Seeking, perhaps, to rationalise the sacrifice of his freeholders, O'Connell wrote privately in March 1829 that the new ten-pound franchise might actually "give more power to Catholics by concentrating it in more reliable and less democratically dangerous hands". A Young Irelander named John Mitchel believed that this was the intent: to detach propertied Catholics from the increasingly agitated rural masses.

In a pattern that had been intensifying from the 1820s as landlords cleared land to meet the growing livestock demand from England, tenants had been banding together to oppose evictions, and to attack tithe and process servers. On his visit to Ireland, Alexis De Tocqueville recorded these Whiteboys and Ribbonmen protesting:The law does nothing for us. We must save ourselves. We have a little land which we need for ourselves and our families to live on, and they drive us out of it. To whom should we address ourselves?... Emancipation has done nothing for us. Mr. O'Connell and the rich Catholics go to Parliament. We die of starvation just the same.

== Subsequent developments ==
One civil disability not removed by 1829 act were the sacramental tests required for professorships, fellowships, studentships and other lay offices at universities. These were abolished for the English universities—Oxford, Cambridge and Durham—by the Universities Tests Act 1871, and for Trinity College Dublin by the University of Dublin Tests Act 1873.

The whole act, except section 2, down to the words "vote therein;" section 5, down to the words "duly qualified;" section 8, down to the words "duly qualified;" section 9; section 10, down to the words "as herein-after excepted;" sections 11–18; section 23, down to the words "His Majesty's other subjects;" section 24; sections 26–38, and the schedule, was repealed by section 1 of, and part II of schedule one to, the Promissory Oaths Act 1871, which came into force on 13 July 1871.
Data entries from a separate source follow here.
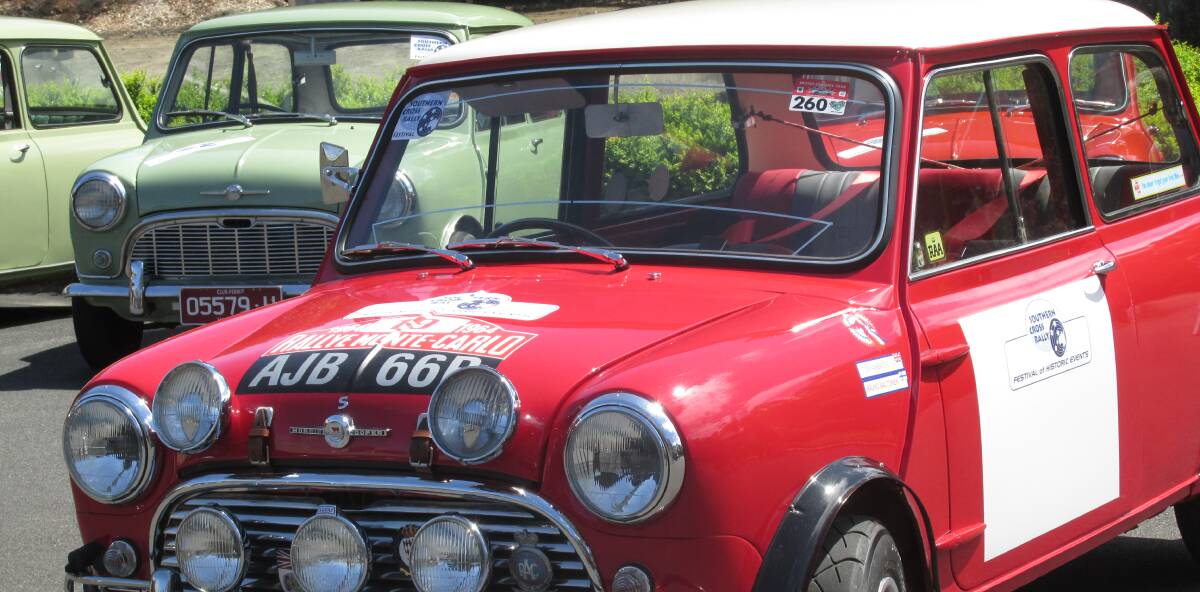 Magic Mini: A replica of the car that Rauno Aaltonen drove to victory in the 1967 Monte  Carlo Rally.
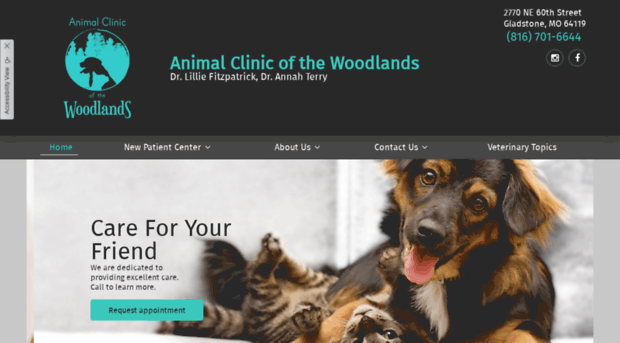 animalclinicofthewoodlands.com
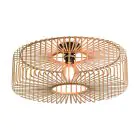 Good&Mojo Plafonnier Bromo Bambou Brun L | Convient pour 1x E27 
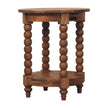 Spindle Round Side Table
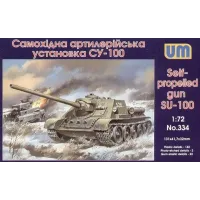 Самоходная артиллерийская установка Су-100 (UM334) Масштаб:  1:72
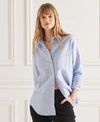 Superdry Women's Linen Boyfriend Shirt Blue / Rich Blue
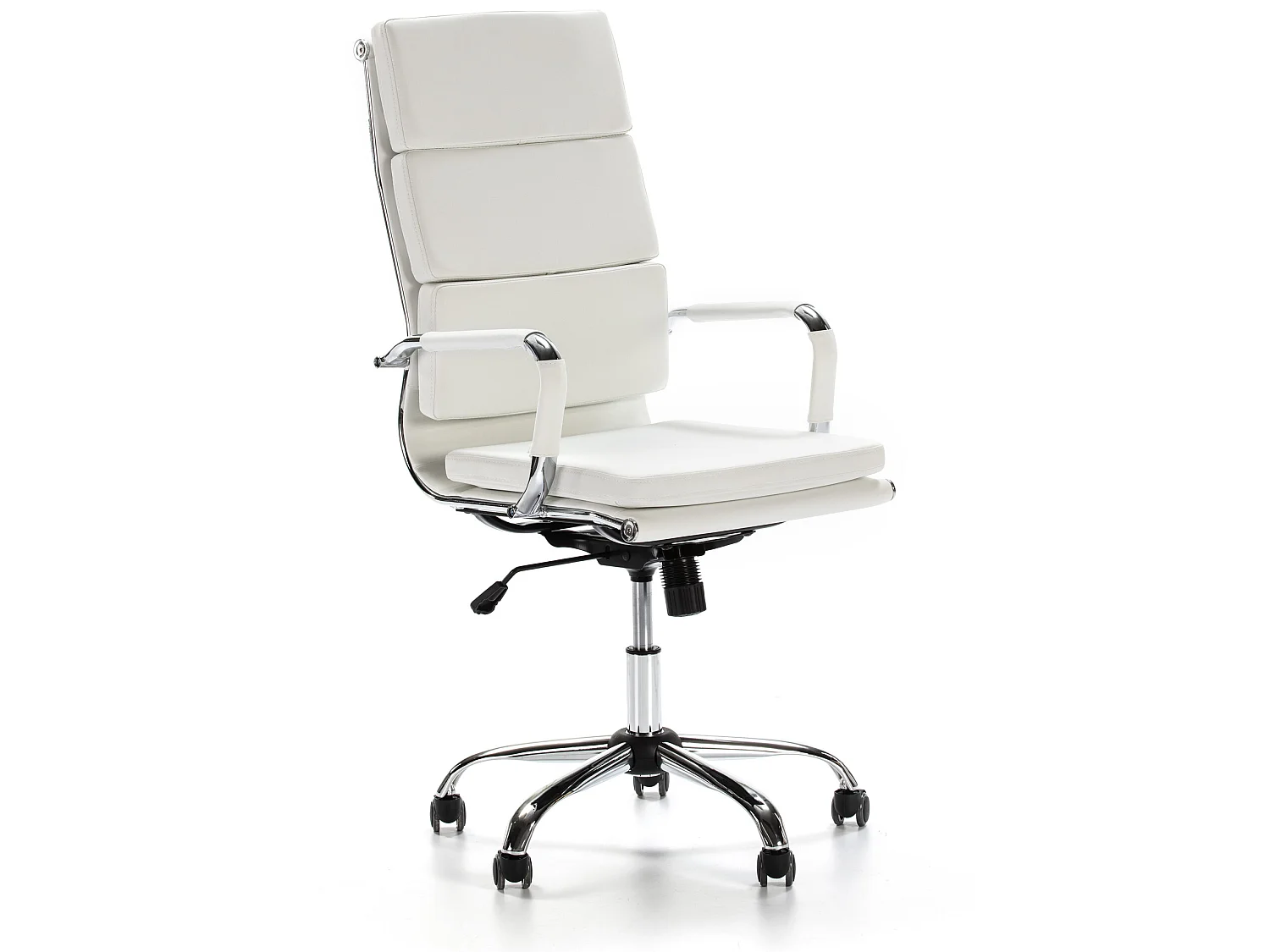 Sillón de Oficina Morgan reclinable Blanco, Piel sintética, Altura Ajustable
In section 12, the words " or Ireland." were repealed by section 1(1) of, and the first schedule to, the Statute Law Revision Act 1950, which came into force on 23 May 1950.
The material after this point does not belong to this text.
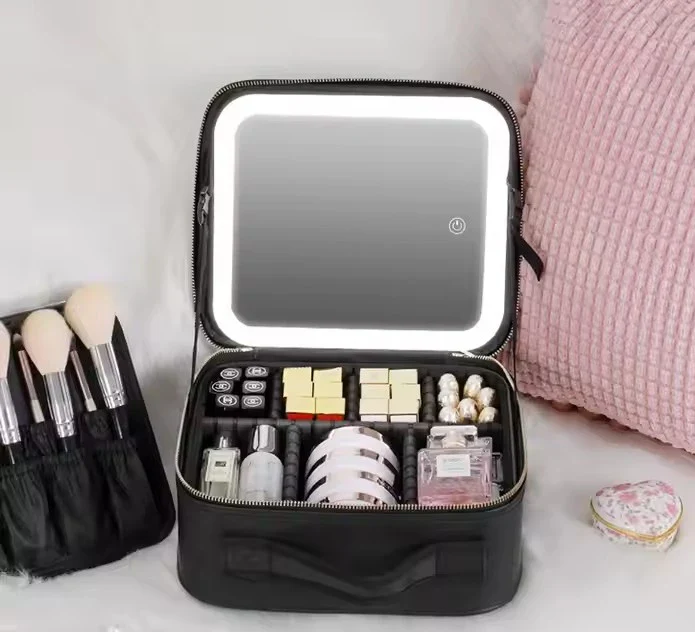 BeautyBox™: Organiza y Maquíllate con LUZ PRO donde sea 💄💡 + ENVIO GRATIS 🚛✨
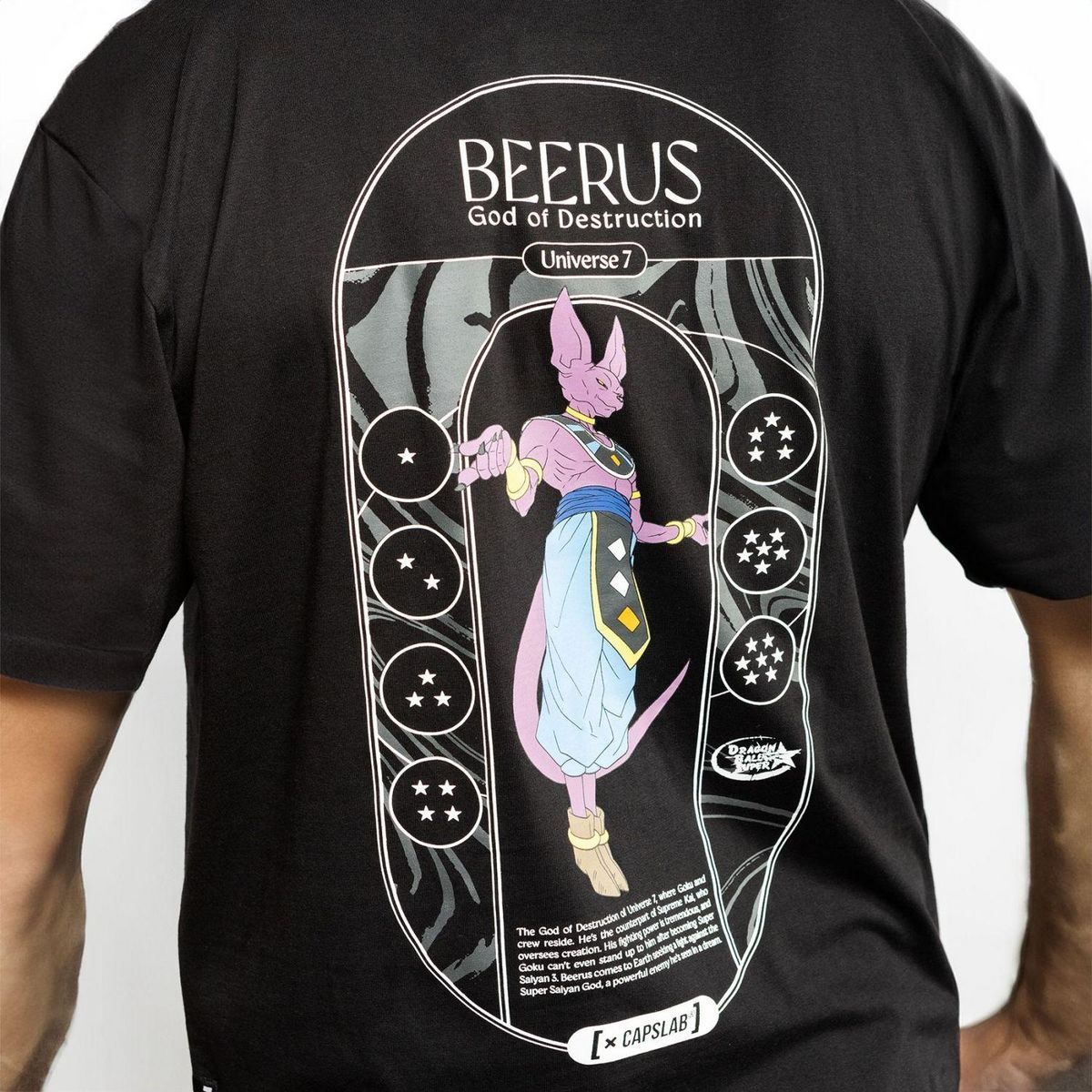 CAPSLAB T-shirt homme confort fit avec print Dragon Ball Super Beerus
Sections 26 and 28–37 of, and the schedule to, the act, so far as unrepealed, were repealed by section 1 of, and the first schedule to, the Statute Law Revision Act 1953, which came into force on 18 December 1953.

In section 5, the words from " and also to vote " to " such representative peers " were repealed by section 1(1) of, and part XIII of schedule 1 to, the Statute Law (Repeals) Act 1973, which came into force on 18 July 1973.
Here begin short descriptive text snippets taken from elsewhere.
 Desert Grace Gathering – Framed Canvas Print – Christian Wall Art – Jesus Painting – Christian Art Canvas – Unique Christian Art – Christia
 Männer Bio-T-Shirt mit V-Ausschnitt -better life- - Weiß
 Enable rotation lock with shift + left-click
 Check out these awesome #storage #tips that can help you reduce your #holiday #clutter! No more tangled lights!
The preamble to, sections 2, 5 and 11 of, in section 16, the words from "or any office", where they first occur, to "within this realm", and sections 23 and 24 of, the act were repealed by section 1(1) of, and part XVI of schedule 1 to, the Statute Law (Repeals) Act 1978, which came into force on 31 July 1978.

Section 18 of the 1829 act, "No Roman Catholic to advise the Crown in the appointment to offices in the established church", remains in force in England, Wales and Scotland, but was repealed with respect to Northern Ireland (the Church of Ireland having been disestablished in 1869) by the Statute Law Revision (Northern Ireland) Act 1980. The entire act was repealed in the Republic of Ireland by the Statute Law Revision Act 1983.

In February 2025 the UK Government introduced a bill in the House of Commons to repeal a clause from Section 12 of the act, to allow Catholics to hold the office of His Majesty's Lord High Commissioner to the General Assembly of the Church of Scotland. The amendments were made after it was announced that Lady Elish Angiolini KC was expected to be the first Catholic to be appointed to the position.

In September 2026 Prime Minister Andy Burnham announced plans to allow Catholics and Jews to advise the Sovereign on appointments to the Church of England and Church of Scotland, claiming it is "unacceptable for there to be a legislative bar against people of any faith performing all the functions of my office". He confirmed that responsibility for Church appointments has been delegated to the Lord Chancellor.